→ ASSIGNMENT:
Copy exactly, and only, the lines from the line containing "Robber x Lover chapter 40 halaman 4" through the last line of the records below, both included, and leave out any pictures.

→ TASK DATA:

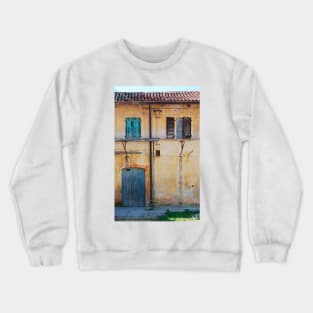 Derelict Friulian Agricultural Building Crewneck Sweatshirt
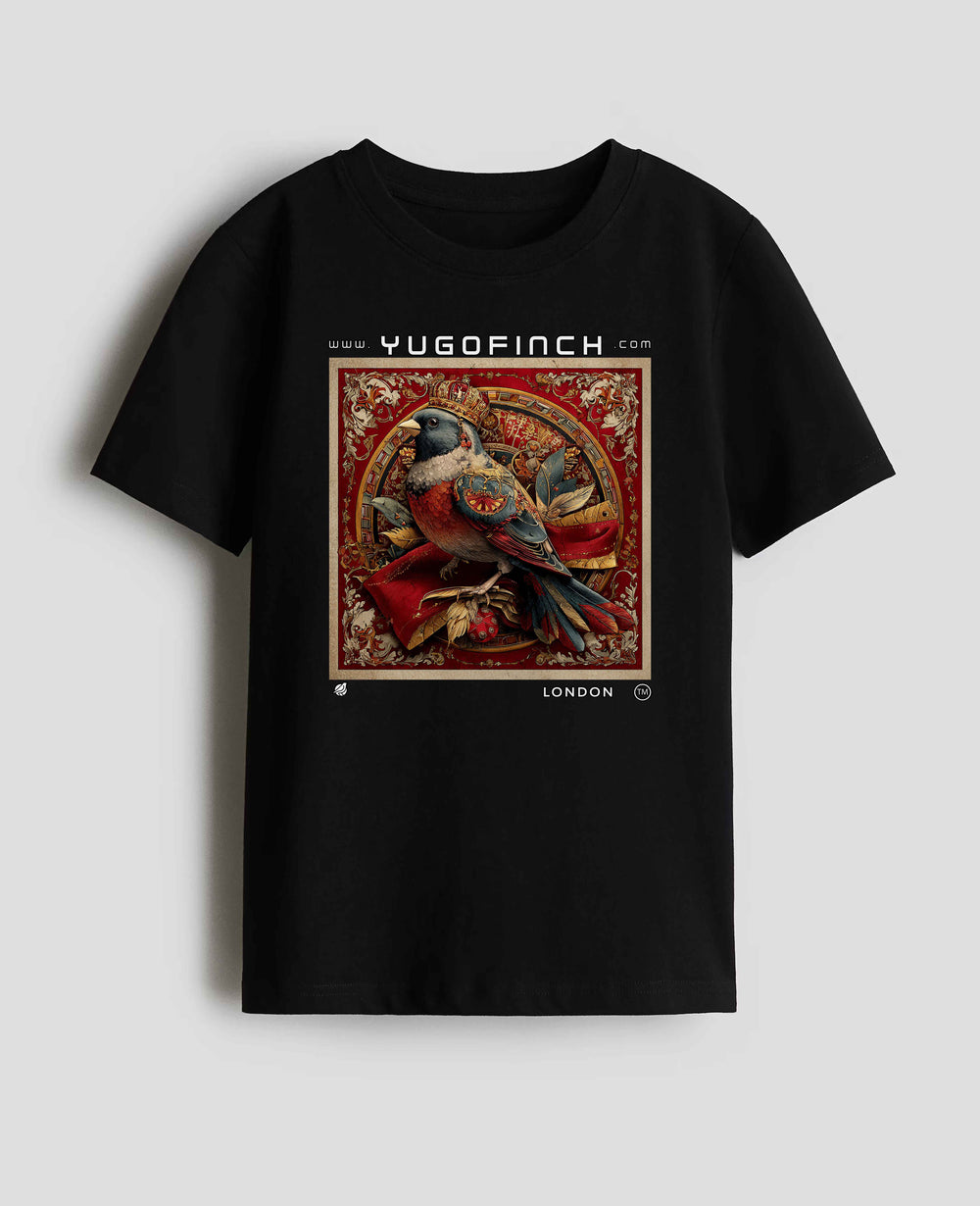 Unisex Yugofinch Oversized Printed T-Shirt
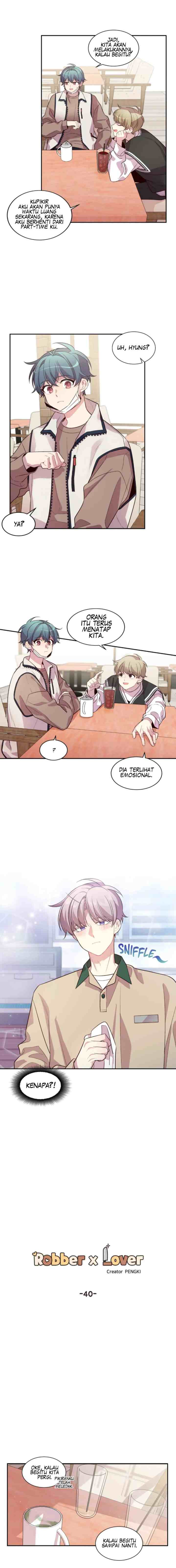 Robber x Lover chapter 40 halaman 4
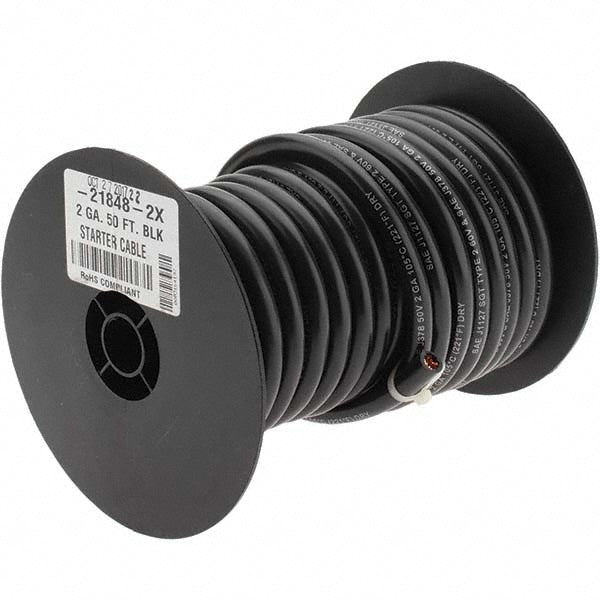 EastPenn -21848-2X 2 Gauge Top Post Cable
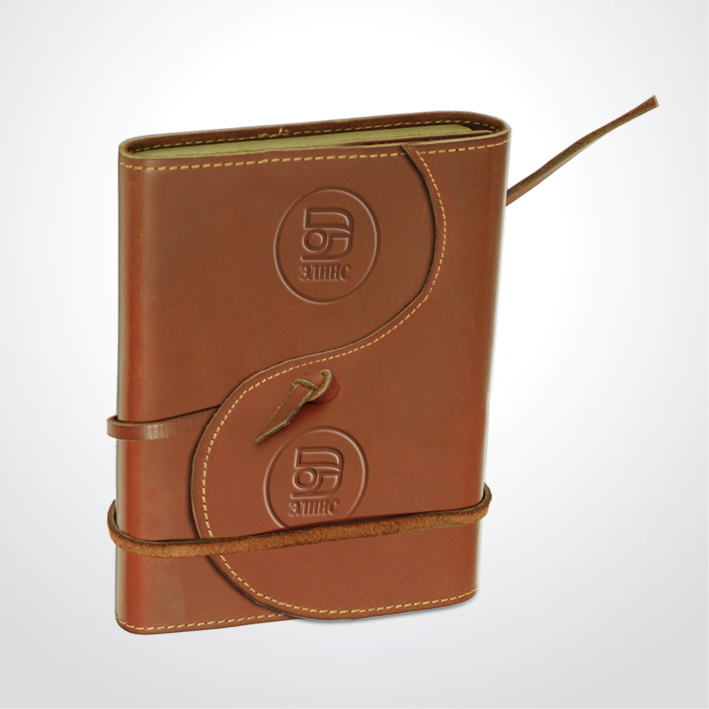 Сувенирный блокнот для ЗАО "НТЦ ЭЛИНС", 2010 г.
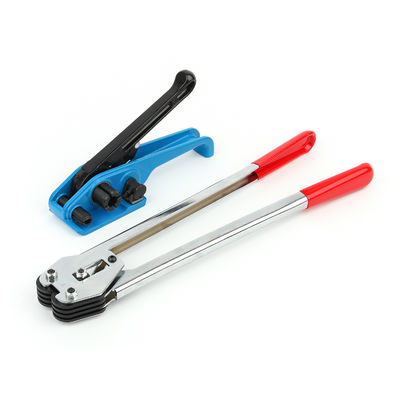 สีฟ้า 9 มม - 19 มม PET Strapping เครื่องมือเชือกเชือก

→ OUTPUT BELOW:
 Robber x Lover chapter 40 halaman 4
 EastPenn -21848-2X 2 Gauge Top Post Cable
 Сувенирный блокнот для ЗАО "НТЦ ЭЛИНС", 2010 г.
 สีฟ้า 9 มม - 19 มม PET Strapping เครื่องมือเชือกเชือก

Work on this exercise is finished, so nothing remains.